Selain itu, kami dikenalkan juga kepada wanita keraton yang pada jaman itu sudah mahir mendesain pakaian dan aksesoris, yaitu Retno Puwoso, istri dari Paku Alam VII yang merupakan putri dari Paku Buwono X. Dalam salah satu lukisan, digambarkan Retno Puwoso mengenakan baju kebaya dan kipas bulu yang dikalungkan di leher sampai menjuntai sampai ke mata kaki, dimana bentuk kipas yang ‘tidak lazim’ itu di-desain sendiri olehnya. Lukisan lain menunjukkan potret diri Retno Puwoso beserta suaminya yang pada saat itu sudah memakai ‘dasi’ yang dikenakan dengan baju kebesarannya. Lagi-lagi dasi tersebut merupakan desainnya sendiri.
Di ruangan ini juga berjejer lukisan dan foto para tokoh dari 4 keraton Kerajaan Mataram.

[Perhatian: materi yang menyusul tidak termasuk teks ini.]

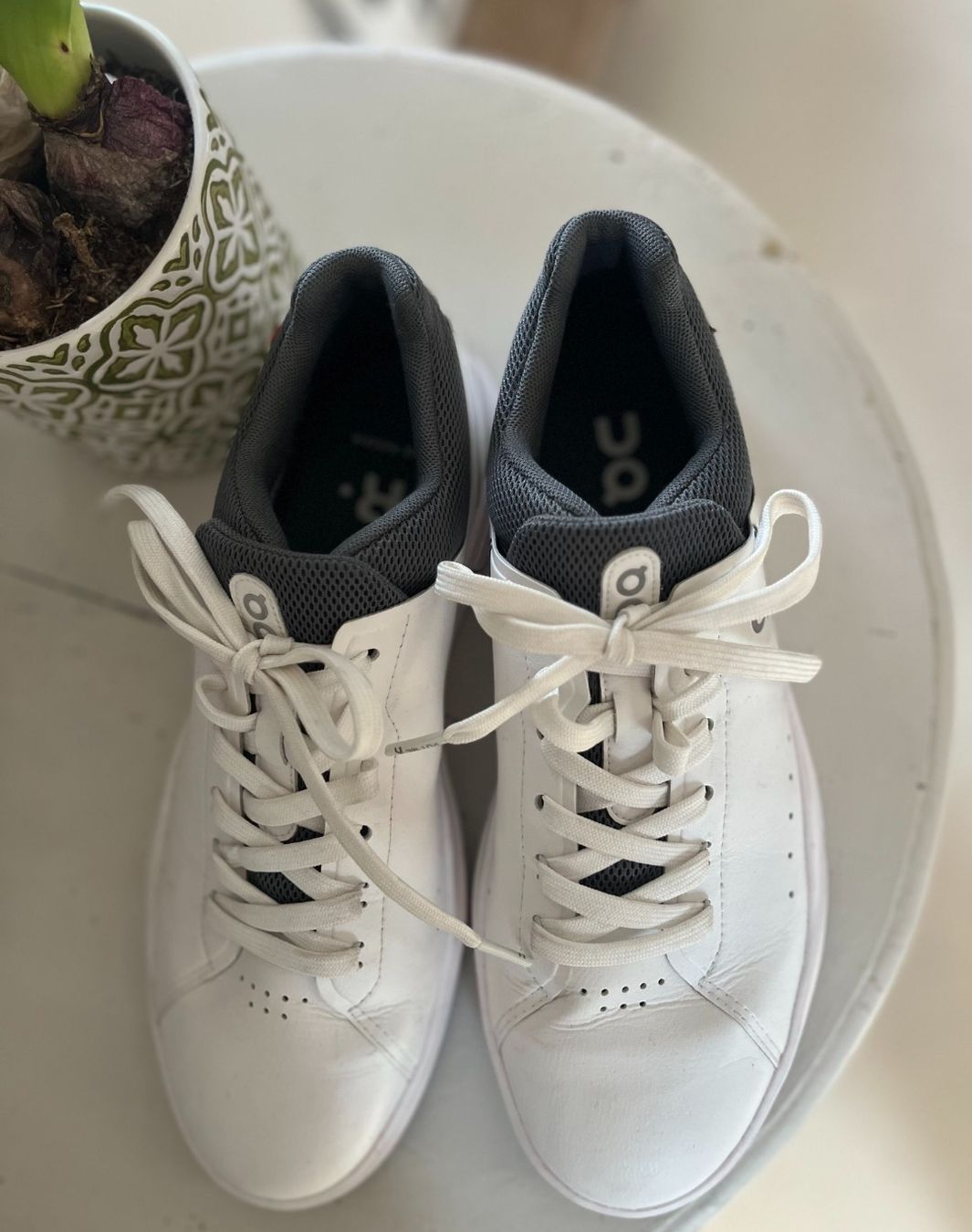 On Chaussures hommes: ON CLOUD THE ROGER SNEAKERS – D'occasion à Zürich par ton_ly68 3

Masing-masing lukisan dan foto punya cerita sendiri, salah satunya adalah lukisan 3 dimensi. Mata wanita di lukisan ini akan mengikuti langkah Anda ke mana pun Anda melangkah!
Kita juga dapat melihat foto diri Pakubuwono (PB) X beserta permaisuri yang merupakan putri dari Sultan Yogyakarta. Sesungguhnya, PB X sudah memiliki permaisuri dan puluhan selir. Namun karena tidak memiliki anak dari permaisurinya, maka beliau mengambil permaisuri lagi di tahun 1915. Di jaman pemerintahan PB X, kota Solo diceritakan mencapai puncak kejayaan. Hal itu ditandai dengan dibangunnya banyak pesanggrahan (Tegalgondo, Pengging, Banyubiru dan Ampel) atau Pasar Gede Harjonagoro.   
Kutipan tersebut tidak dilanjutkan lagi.